At dawn, they left the cabin and crossed the woods to an old well, half-swallowed by ivy and stone. The trees here whispered differently but almost reverently. Kade knelt, brushing aside debris from the stones. "She used to come here," he said. "I never knew why but when she disappeared, I found something tucked in the hollow." He reached into the crevice between two stones and pulled out a leather bound book, wrapped in oilcloth. Eden's hands trembled as she took it. The cover was stamped with her aunt's initials M.V. and inside, the pages were dense with notes, symbols, translations and rituals. "She was documenting the curse," Eden whispered. "Everything." Kade nodded. "And she found a pattern. Every 33 years, the curse deepens. Something stirs. The Hollow wakes." Eden flipped to the last page, where her aunt's handwriting grew hurried "The Blood Moon returns on the Equinox. The cycle completes. If Eden finds this run, child or be ready to become what they fear." Eden's heart thudded. "I'm not running." Kade's mouth tightened. "Then you'll need allies. They returned to town under the veil of cloud and fog. Silverthorn was awake, but subdued like it, too, had heard the howls last night.

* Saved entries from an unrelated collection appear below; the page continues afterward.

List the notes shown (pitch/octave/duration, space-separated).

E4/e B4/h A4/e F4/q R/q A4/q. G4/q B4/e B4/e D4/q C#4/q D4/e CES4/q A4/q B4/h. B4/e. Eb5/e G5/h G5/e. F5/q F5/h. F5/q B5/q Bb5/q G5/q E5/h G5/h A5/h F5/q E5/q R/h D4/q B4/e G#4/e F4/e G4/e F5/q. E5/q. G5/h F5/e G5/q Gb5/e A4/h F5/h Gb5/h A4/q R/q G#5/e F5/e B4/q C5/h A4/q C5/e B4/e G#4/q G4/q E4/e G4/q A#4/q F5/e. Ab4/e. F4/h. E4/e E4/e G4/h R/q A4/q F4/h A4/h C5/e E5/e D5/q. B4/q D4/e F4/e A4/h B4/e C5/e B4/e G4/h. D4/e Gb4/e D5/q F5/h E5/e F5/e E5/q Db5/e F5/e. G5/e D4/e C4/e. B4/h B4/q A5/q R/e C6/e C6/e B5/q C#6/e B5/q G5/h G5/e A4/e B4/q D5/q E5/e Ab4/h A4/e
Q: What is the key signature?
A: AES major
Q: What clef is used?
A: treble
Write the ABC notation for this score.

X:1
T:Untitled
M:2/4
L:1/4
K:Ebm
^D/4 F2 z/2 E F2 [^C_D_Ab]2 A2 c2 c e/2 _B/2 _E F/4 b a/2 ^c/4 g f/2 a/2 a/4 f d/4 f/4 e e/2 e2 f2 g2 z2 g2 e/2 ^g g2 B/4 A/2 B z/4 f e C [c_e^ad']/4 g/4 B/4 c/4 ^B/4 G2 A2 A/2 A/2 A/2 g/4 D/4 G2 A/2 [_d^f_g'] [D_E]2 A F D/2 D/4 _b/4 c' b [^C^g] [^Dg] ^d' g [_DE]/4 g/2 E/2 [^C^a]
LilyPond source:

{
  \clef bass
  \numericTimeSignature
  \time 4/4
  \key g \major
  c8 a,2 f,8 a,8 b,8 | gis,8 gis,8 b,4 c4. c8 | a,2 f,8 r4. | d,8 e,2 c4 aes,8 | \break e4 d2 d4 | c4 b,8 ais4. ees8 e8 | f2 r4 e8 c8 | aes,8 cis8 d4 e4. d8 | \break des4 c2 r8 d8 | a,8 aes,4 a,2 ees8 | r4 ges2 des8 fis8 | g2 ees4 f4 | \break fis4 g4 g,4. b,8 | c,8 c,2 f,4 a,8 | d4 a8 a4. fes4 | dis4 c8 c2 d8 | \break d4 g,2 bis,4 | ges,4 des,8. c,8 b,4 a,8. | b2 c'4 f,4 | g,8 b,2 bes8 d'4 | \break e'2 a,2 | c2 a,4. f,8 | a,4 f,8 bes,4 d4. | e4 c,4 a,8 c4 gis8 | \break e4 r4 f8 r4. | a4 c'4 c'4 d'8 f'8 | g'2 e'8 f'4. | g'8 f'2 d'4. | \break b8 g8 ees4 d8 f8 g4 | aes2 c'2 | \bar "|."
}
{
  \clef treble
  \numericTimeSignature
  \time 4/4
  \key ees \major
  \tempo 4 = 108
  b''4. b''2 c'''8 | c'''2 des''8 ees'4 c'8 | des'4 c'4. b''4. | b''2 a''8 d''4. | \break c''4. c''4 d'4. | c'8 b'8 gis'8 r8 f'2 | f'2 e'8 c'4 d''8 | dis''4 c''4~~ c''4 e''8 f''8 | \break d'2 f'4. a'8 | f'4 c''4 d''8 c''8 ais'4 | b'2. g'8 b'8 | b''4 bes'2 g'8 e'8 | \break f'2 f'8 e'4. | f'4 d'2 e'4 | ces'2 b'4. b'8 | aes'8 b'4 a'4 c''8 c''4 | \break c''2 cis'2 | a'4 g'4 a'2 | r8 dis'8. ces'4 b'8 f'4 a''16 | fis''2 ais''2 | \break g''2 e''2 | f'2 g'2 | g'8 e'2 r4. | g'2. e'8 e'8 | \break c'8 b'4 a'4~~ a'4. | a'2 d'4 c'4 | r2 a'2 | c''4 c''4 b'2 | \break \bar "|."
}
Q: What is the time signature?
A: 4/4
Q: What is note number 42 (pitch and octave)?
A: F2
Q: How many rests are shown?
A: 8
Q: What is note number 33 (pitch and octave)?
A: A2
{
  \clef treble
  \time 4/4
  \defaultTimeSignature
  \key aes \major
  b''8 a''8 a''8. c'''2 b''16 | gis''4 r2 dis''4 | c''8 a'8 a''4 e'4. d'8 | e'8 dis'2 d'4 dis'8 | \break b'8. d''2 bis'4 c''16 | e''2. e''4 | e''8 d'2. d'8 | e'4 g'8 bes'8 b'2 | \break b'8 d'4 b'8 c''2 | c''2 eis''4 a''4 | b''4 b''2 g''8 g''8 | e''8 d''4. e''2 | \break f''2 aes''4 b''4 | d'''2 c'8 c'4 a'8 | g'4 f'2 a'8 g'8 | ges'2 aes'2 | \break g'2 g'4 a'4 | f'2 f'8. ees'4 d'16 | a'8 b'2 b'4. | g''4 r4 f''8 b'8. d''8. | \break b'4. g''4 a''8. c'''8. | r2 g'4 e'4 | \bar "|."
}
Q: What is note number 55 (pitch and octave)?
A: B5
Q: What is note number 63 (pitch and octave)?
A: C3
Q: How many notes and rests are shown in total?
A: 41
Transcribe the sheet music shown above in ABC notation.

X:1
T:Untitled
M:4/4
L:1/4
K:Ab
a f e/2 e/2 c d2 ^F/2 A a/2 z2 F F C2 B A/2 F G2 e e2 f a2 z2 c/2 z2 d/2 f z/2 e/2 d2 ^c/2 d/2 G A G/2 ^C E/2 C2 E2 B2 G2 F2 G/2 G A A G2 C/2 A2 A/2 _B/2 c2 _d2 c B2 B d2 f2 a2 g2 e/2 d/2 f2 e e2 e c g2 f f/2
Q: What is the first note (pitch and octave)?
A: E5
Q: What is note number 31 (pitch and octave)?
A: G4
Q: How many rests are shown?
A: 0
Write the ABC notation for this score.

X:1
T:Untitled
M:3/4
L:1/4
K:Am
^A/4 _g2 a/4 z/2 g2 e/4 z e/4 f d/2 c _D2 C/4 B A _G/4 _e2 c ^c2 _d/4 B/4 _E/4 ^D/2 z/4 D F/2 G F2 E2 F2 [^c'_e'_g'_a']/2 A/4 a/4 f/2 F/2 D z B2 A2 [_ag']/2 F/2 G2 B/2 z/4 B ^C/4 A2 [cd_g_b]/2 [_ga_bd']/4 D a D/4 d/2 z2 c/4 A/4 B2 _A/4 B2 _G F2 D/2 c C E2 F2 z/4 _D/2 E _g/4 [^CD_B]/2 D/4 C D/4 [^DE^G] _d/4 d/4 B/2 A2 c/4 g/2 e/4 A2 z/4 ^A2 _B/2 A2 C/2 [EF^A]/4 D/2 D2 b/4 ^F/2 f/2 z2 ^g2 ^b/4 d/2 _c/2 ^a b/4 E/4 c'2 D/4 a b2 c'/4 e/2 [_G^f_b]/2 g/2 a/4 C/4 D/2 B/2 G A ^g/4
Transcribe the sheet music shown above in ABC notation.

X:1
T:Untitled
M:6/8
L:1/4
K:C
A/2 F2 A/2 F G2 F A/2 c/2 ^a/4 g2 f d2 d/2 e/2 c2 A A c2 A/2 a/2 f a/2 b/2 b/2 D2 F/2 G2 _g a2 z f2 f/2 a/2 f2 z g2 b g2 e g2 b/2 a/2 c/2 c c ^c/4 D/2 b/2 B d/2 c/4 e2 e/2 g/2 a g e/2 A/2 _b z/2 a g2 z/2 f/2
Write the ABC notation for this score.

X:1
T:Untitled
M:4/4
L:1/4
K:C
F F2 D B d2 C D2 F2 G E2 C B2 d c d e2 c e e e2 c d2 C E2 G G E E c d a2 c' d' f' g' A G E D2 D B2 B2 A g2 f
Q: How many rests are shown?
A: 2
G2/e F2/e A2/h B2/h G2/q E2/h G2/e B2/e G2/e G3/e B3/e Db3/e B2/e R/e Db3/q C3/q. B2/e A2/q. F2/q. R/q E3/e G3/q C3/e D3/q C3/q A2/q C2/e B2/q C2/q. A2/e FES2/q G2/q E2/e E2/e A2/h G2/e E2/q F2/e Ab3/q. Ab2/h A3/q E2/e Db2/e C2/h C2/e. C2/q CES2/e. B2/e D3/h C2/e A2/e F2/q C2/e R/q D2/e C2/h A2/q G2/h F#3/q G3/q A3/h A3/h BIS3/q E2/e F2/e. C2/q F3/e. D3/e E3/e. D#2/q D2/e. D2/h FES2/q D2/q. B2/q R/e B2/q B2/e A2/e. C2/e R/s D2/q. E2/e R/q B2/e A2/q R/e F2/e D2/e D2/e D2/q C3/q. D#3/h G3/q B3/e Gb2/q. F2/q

Eden walked beside Kade down Main Street. People stared, but no one spoke. The butcher wiped his hands on a bloodstained apron. The librarian closed the shutters with more force than necessary. They were afraid but not of Eden. Of what she might uncover. At the town archives, Kade kept watch while Eden searched the basement rows of dusty records and yellowed papers. She found a folder marked "Moon Trials 1892". Inside: sketches of symbols, witness testimonies, a crude drawing of the Hollow altar and a name, Aurelia Vale. "My ancestor?" Eden whispered. "She was tried for witchcraft." Kade looked over her shoulder. "Not tried but sacrificed." There was a ceremony, the Moon Trial where they offered one of their own to appease the forest, to stop the blood from spreading, Aurelia was the first. "But it didn't work," Eden said. "It only made it worse." Kade nodded. "The forest doesn't want sacrifices. It wants secrets."
As dusk fell again, they returned to Vanessa's house. Eden set the book on the table with her heart thudding. She had answers now but more questions. She ran her fingers along the leather spine. "If the Blood Moon is the key, how long do we have?" Kade didn't answer right away. Then, he responded "Two weeks." Eden froze. "That's not enough time." Kade's eyes met hers. "Then we move fast. We find the others who remember the ones who want the curse broken." Eden took a breath and opened the book. Later that night, while the house slept and the wind howled over the hills, Eden dreamed again. Not of wolves, of fire. The altar burned. The trees bled and a voice, her aunt's voice whispered from the darkness: "You are not cursed, Eden. You are chosen. The Hollow only devours those who forget who they are." She reached out and woke to find her hands glowing faintly in the dark.